March 18, 2024

At Dorf on Law, Eric Segall: Judicial Review, the Supreme Court, and a Possible Constitutional Apocalypse.  From the introduction: 

Alexander Hamilton explained in Federalist No. 78 the rationale for the Founding Fathers giving judges the power to strike down laws enacted by the legislature. He said the following:

The courts were designed to be an intermediate body between the people and the legislature, in order, among other things, to keep the latter within the limits assigned to their authority. The interpretation of the laws is the proper and peculiar province of the courts. A constitution is, in fact, and must be regarded by the judges, as a fundamental law. It therefore belongs to them to ascertain its meaning, as well as the meaning of any particular act proceeding from the legislative body. If there should happen to be an irreconcilable variance between the two, that which has the superior obligation and validity ought, of course, to be preferred; or, in other words, the Constitution ought to be preferred to the statute, the intention of the people to the intention of their agents.

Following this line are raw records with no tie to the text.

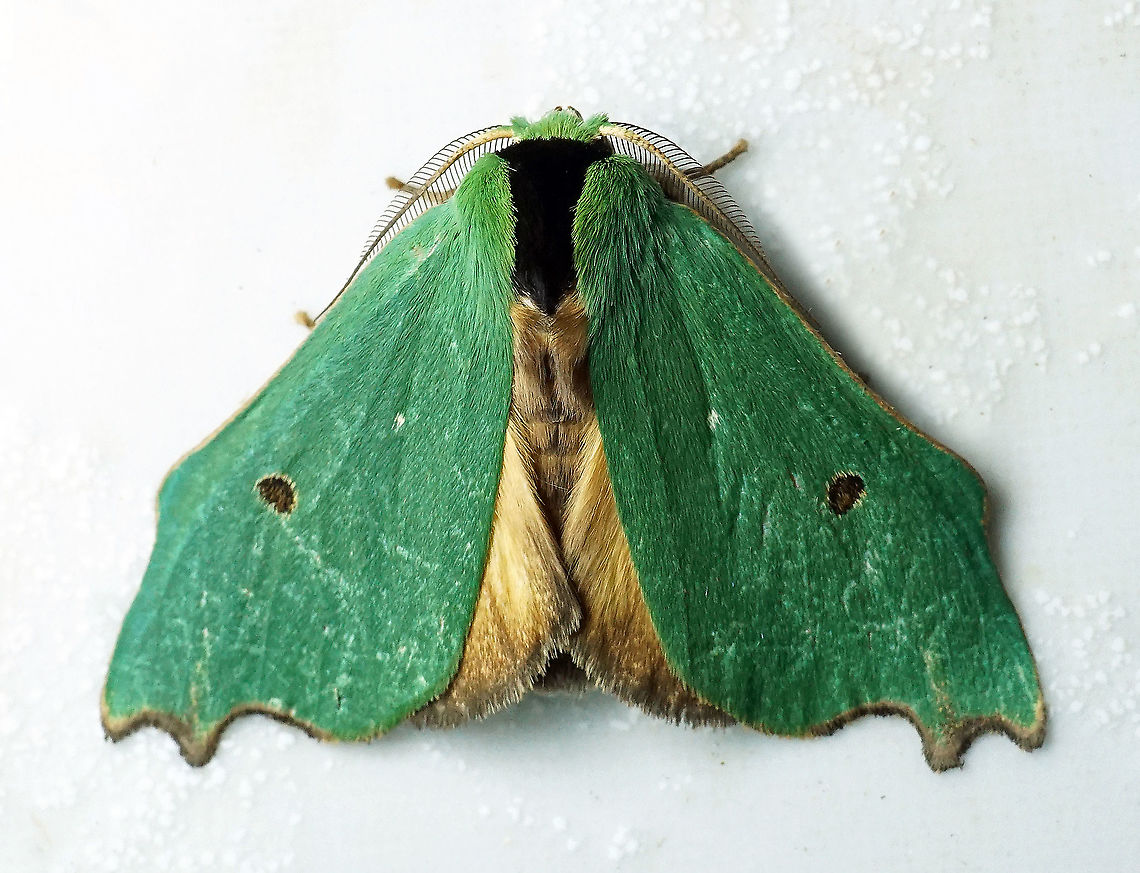 Rosema deolis Dapa, Valle Del Cauca 2100m Rosema deolis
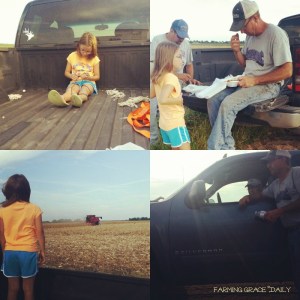 harvesting-in-the-field-dinnertime-harvest-meals-farm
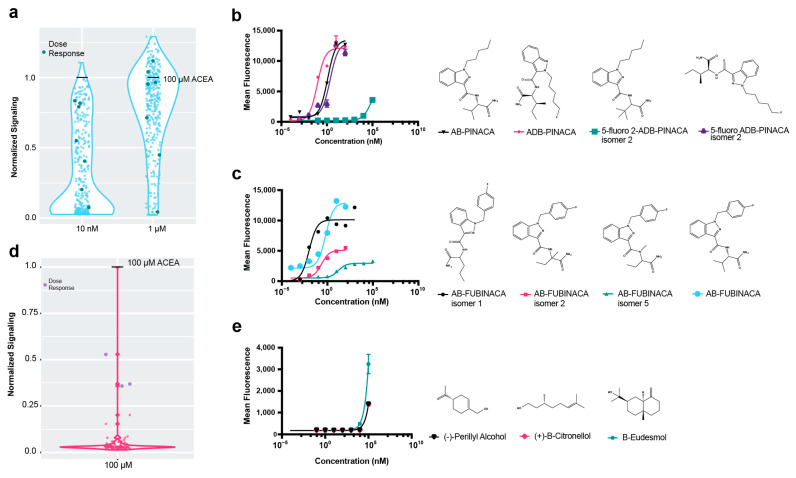 Screen of cannabinoid receptors with compound libraries. (a) Screen of CB1R with synthetic cannabinoid compounds at 1 µM and 10 nM concentrations. Signaling was normalized to signaling with 100 µM ACEA, set at “1”. “Dose response” compounds were those chosen for further analysis by dose response. (b) Dose responses with FUBINACA compounds are shown. The CB1R yeast strains with the ZsGreen reporter were induced with ligands for 8 h and measured by cytometry. AB-FUBINACA, EC50 = 0.66 nM, 95% CI 0.35 to 1.14 nM; AB-FUBINACA isomer 1, EC50 = 0.01 nM, 95% CI 0.01 to 0.02 nM; AB-FUBINACA isomer 2, EC50 = 0.23 nM, 95% CI 0.1356 to 0.42 nM; AB-FUBINACA isomer 5, EC50 = 15.86 nM, 95% CI 7.63 to 38.36 nM. (c) Dose responses with PINACA compounds. AB-PINACA, EC50 = 1.21 nM, 95% CI 0.96 to 1.52 nM; ADB-PINACA, EC50 = 0.09 nM, 95% CI 0.05 to 0.14 nM; 5-fluoro ADB-PINACA isomer 2, EC50 = 2.25 nM, 95% CI 1.26 to 3.97 nM. (d) Signaling at CB1R with terpene compounds at 100 µM. Signaling was normalized to signaling with 100 µM ACEA, set at “1”. “Dose response” compounds were those chosen for further analysis by dose response. (e) Dose responses at CB1R with compounds that demonstrated signaling in the terpene screen over 0.25 greater than that of the 100 µM ACEA control. The low-affinity terpenes did not show fluorescence except at high levels of the agonist. For all dose response experiments, n = 3. Nonlinear regression was fit as a four-parameter logistic equation. For the screens, n = 1.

Nor does this conclusion by any means suppose a superiority of the judicial to the legislative power. It only supposes that the power of the people is superior to both; and that where the will of the legislature, declared in its statutes, stands in opposition to that of the people, declared in the Constitution, the judges ought to be governed by the latter rather than the former. They ought to regulate their decisions by the fundamental laws, rather than by those which are not fundamental.

What Hamilton did not anticipate was that much of the Constitution's imprecise language, such as the text of the First and Second Amendments, would be applied by future judges to a constantly changing society. He likely thought the very heavy burden of proof he was placing on those challenging laws (plaintiffs must show an irreconcilable variance between a statute and the Constitution) would keep judges in their place. But, of course, he was wrong, and starting in 1857 with the infamous Dred Scott decision, the justices have been striking down laws at a rate and in important cases in ways that few Founding Fathers, especially Hamilton, anticipated.

In most of these cases, the Court is not acting as an agent of the people or the enforcer of a supreme law, but the creator of constitutional rights and limits that simply do not follow from the constitutional text or its history. Dred Scott, The Civil Rights Cases, Lochner, Reynolds v. Sims, Roe, Heller, Shelby County, Seila Law, Trinity Lutheran, Bruen, and SFFA v. Harvard are just a few examples of many country-changing decisions where there is no available argument that the laws invalidated were at an "irreconcilable variance" with the Constitution. Liberal, conservative, and moderate justices have all invalidated major legislation without serious and persuasive grounding in the text or history of the Constitution. …

Like many of Professor Segall's posts, I think this one has truth to it, but then goes too far.

I agree that "irreconcilable variance" is the right standard.  And so I agree that in cases where the original meaning of the Constitution is unclear, courts have no authority to intervene against the political branches (leaving aside precedent).  And I think that modern courts have commonly overstepped their authority.  But I don't think that the "irreconcilable variance" standard is defeated whenever government lawyers can make a plausible argument.  Rather, the question for the judge is whether, in the judge's best assessment, the conflict between government action and the Constitution's original meaning is irreconcilable.  Otherwise, the Constitution is not really a check on government, and the government becomes the judge of its own cause (as Hamilton also expressed in Federalist 78). Rather, as Hamilton also said in Federalist 78, "the courts of justice are to be considered as the bulwarks of a limited Constitution against legislative encroachments."